I’ve developed several apps using AppSmith which comprise of around 8 pages, each with an infinite scrolling table that contain up to 120 columns. Each cell in the table triggers an update query to my Postgres database whenever the cell is updated, to imitate the behavior of Excel/Google Sheets.
I have a few questions regarding performance which I’ve already faced:
1 - How many rows can these tables realistically display at once? I’m experiencing major lag when a cell updates.
2 - The widget editor itself is being super laggy and glitchy. Whenever I want to change the name of a column for example, the AppSmith UI takes about 5-10 seconds to respond to my initial click to begin editing, when I’m typing, there’s a good 5 second delay too. It also takes a while to be able to enter the editor for a given column aswell. Is there anything that I can do to rectify this issue or does this just come with having 100+ columns? The same issue occurs on my smaller tables of ~20 rows.
3 - Will AppSmith be able to support having ~10 users per app editing several rows at once?
Thanks in advance, AppSmith is a great resource for those getting started!
If you need to display large data sets in your table, we recommend implementing server-side pagination to avoid performance issues. Appsmith supports responses up to 5 MB at a time. Here are some of our guides that should help:
Unfortuantely with the use case that we have, we’ll need something with infinite scrolling support. We’re looking to replicate Google Sheets’ functionality so this is a must!
I calculated how many rows of our largest Postgres table (column wise) are in 5MB and it’s equal to 1901 rows. We had ~20 rows on display and we were already facing issues.
@benjaminbialy in this case, the issue could be that you are using 120 columns. This doesn’t seem like a viable way for your users to work with the table. Have you considered only returning the columns that can be visible on the screen?
So instead of a select * statement, would it be viable to only select the columns your users need to see at a given point in time?
@benjaminbialy how many rows do those have? Typically we see that around 40k cells i.e 20 columns x 2000 rows should be fine. We’re working on improving the virtualization for columns as well here to help this.
That should not be the case unless the smaller tables are also on the same page as the large tables in which case, it’s those that are slowing the entire app down. Could you invite support@appsmith.com to your ap? We’ll have a look at what is going wrong
We are loading nowhere near 5MB of data, I should be able to display 1900 rows (with 120 columns) before running into that size of data.
At the moment I’m displaying all of my data in the table, attempting to replicate Google Sheets’ UI/UX, in the largest table there’s about 100 columns with 30 odd rows.
On the smaller ones, 12-20 columns with about 20 rows, if that.
I have several apps all containing about 7 tables each.
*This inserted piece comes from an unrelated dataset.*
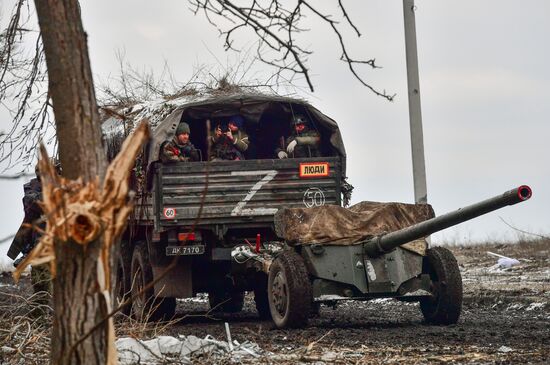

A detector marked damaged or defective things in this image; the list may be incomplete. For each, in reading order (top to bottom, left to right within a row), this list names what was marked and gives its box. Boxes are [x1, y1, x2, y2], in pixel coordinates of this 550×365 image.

splintered wood [12, 122, 151, 282]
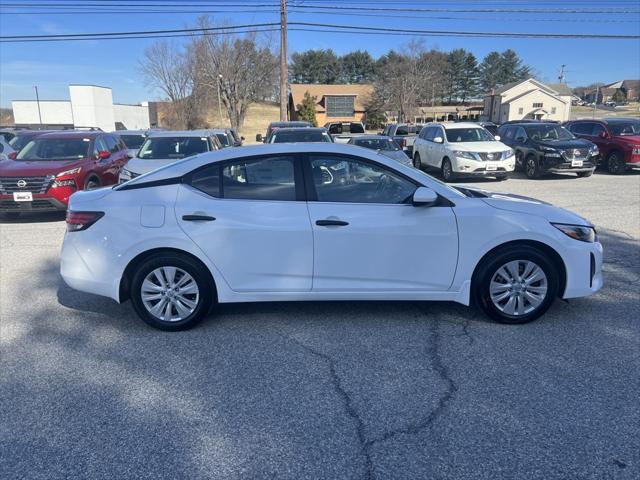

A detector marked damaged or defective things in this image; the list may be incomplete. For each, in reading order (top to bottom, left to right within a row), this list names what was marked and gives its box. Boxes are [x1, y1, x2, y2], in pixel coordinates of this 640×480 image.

crack in asphalt [272, 306, 458, 478]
The issue is much worse on the larger columned tables but still present on the smaller ones too.
To your understanding, do columns have a greater impact on performance compared to additional rows? I get the sense that it’s more to do with the number of columns than it does with the rows.
Upto 5MB of data is fine when you are using pagination.
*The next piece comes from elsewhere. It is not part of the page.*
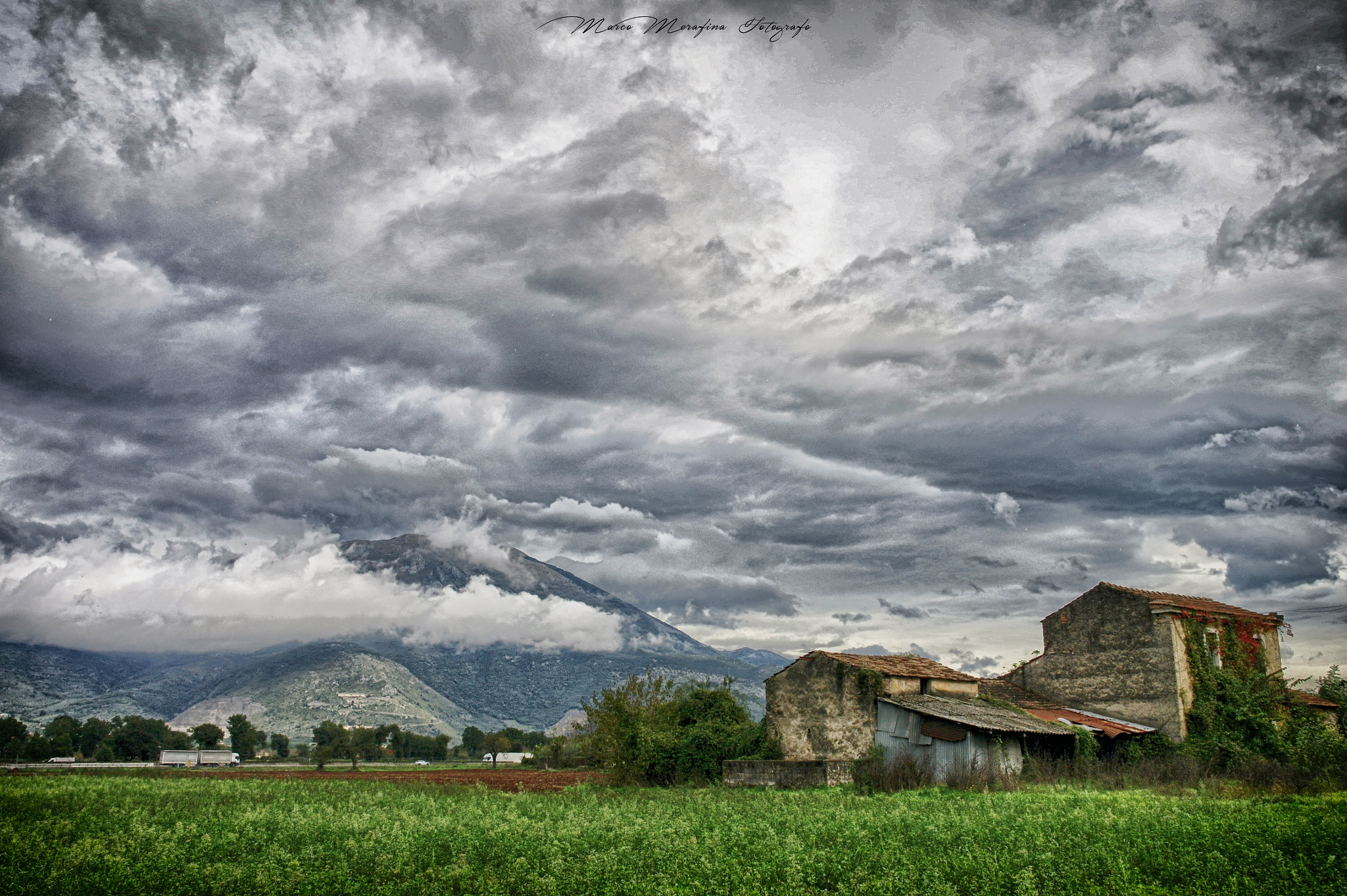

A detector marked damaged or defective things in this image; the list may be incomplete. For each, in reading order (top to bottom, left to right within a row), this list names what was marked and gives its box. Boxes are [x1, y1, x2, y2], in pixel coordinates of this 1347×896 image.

rusty metal roof panel [802, 648, 975, 678]
rusty metal roof panel [878, 688, 1077, 732]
In the places combined page you are rendering 160 rows with 90 columns, I believe thats the reason for slowdown you are experiencing.
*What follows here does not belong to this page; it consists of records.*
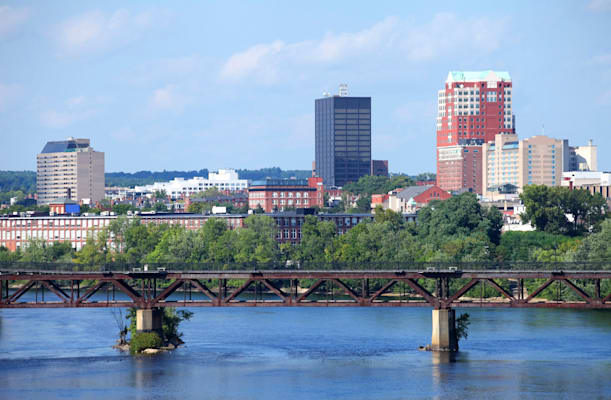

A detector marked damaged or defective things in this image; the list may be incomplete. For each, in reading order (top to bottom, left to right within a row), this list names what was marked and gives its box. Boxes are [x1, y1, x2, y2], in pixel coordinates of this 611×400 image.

rusted steel truss [0, 270, 608, 310]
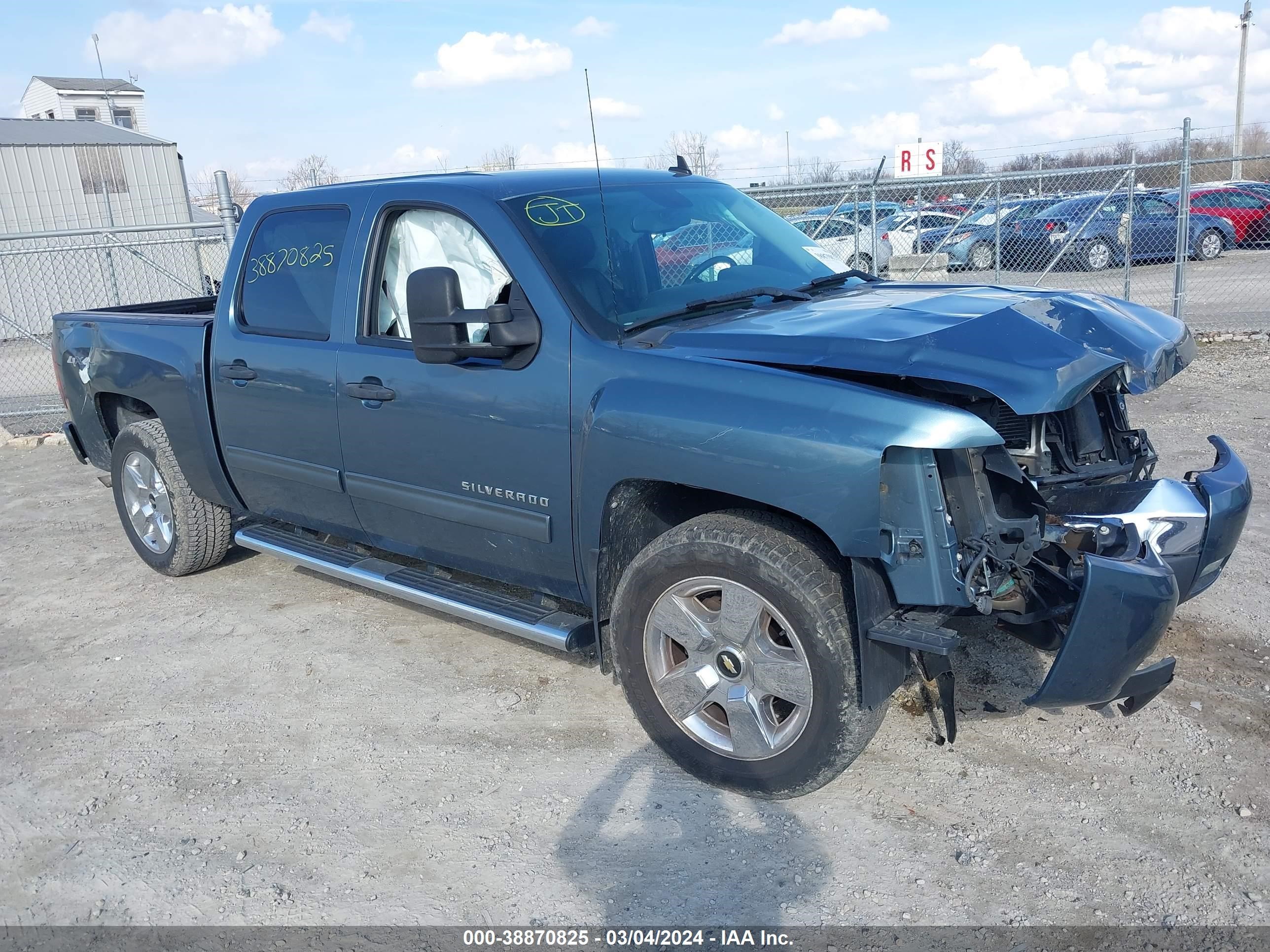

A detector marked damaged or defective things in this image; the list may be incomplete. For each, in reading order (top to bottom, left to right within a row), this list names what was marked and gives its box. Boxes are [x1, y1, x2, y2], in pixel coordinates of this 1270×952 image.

damaged chevrolet silverado [52, 166, 1246, 796]
cracked hood [651, 286, 1199, 416]
crushed front bumper [1025, 436, 1246, 714]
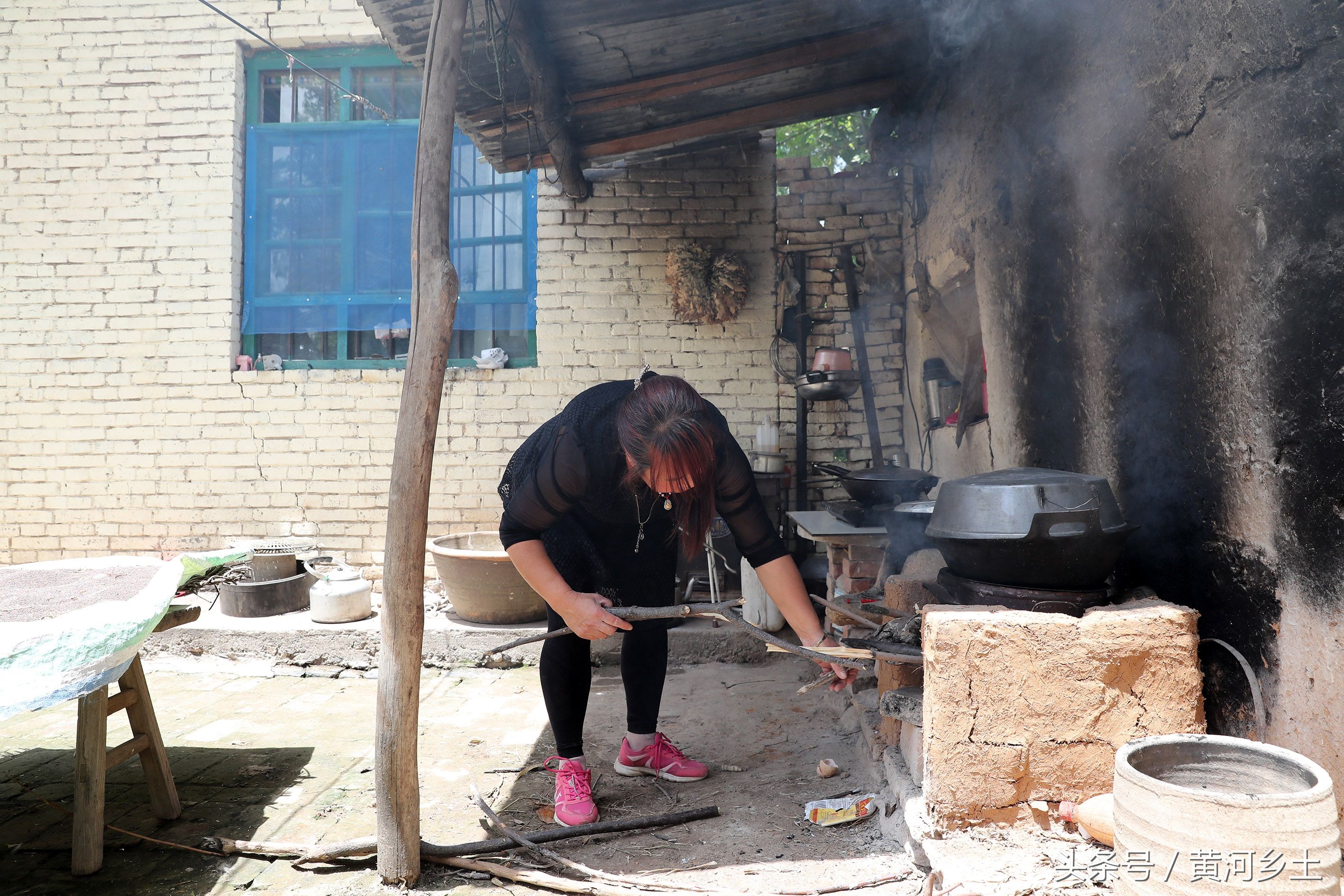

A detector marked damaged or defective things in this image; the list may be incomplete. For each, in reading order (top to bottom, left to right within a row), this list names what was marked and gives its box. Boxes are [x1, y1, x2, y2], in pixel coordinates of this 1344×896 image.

cracked brick wall [919, 599, 1204, 832]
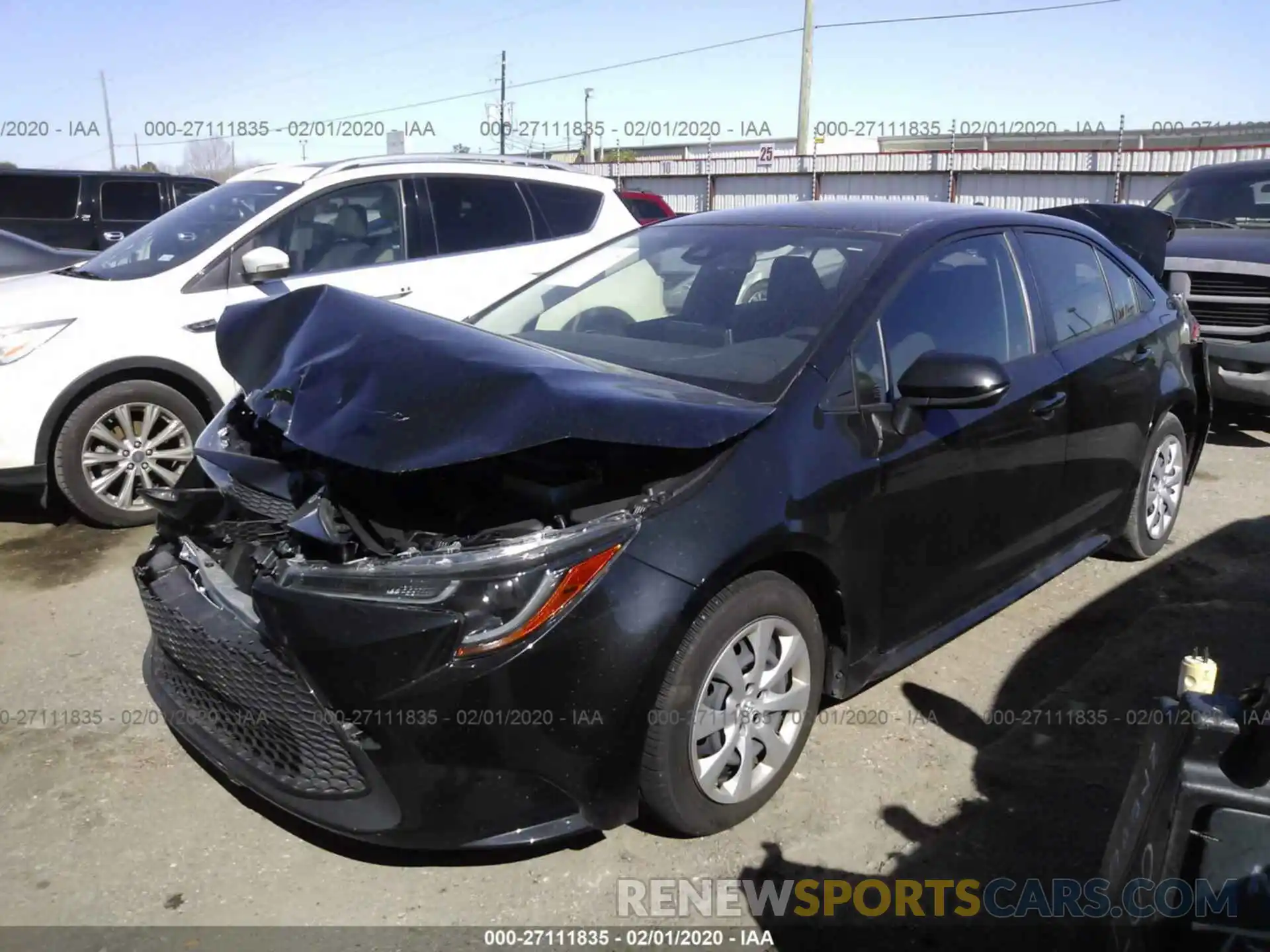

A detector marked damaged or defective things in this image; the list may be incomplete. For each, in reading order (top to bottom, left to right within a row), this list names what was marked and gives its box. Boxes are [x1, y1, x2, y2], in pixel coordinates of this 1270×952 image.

crumpled hood [1163, 232, 1270, 270]
crumpled hood [216, 286, 772, 475]
damaged front bumper [142, 396, 716, 848]
broken headlight [274, 510, 640, 660]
Normally this would be handled by virtualization, but virtualization doesn’t work with dynamic row height.
Can you please try by setting this as table data {{get_places.data.slice(0,10}} and let us know if it makes things better for you.
When virtualization is in play, usually rows are virtualized so number of rows don’t have any significant performance impact.
@benjaminbialy regarding dynamic row height virtualisation, we haven’t been able to crack it yet. We are yet to figure out if it will work well or not, if you plan to use wrapping i suggest not to exceed 50 records on a page to be very safe.
Coming to infinite scrolling we do plan to support, but we are looking for people who can help us understand why their use-case needs infinite scrolling. Can you help us out with some details on your app, your users and why you need infinite scrolling in the table?